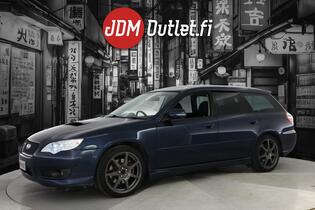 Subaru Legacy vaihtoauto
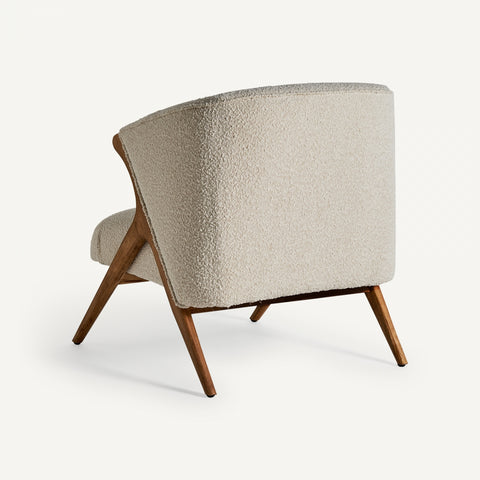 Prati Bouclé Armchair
* * *
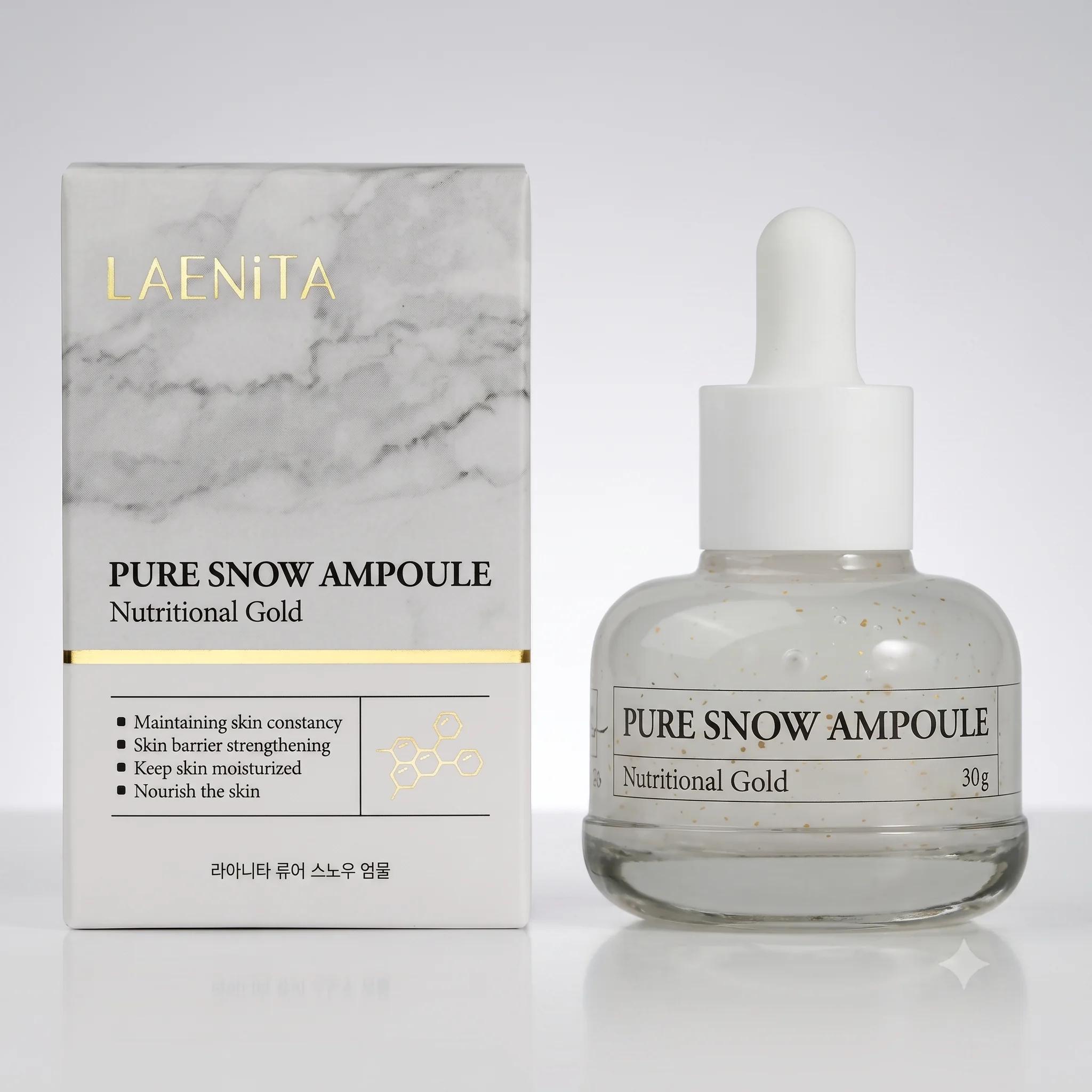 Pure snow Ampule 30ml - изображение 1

§ PROMPT
Look above for the line with "Subaru Legacy vaihtoauto" and the line with "Prati Bouclé Armchair". Copy them and every line between, exactly, but no pictures.

§ ANSWER SECTION
 Subaru Legacy vaihtoauto
 Prati Bouclé Armchair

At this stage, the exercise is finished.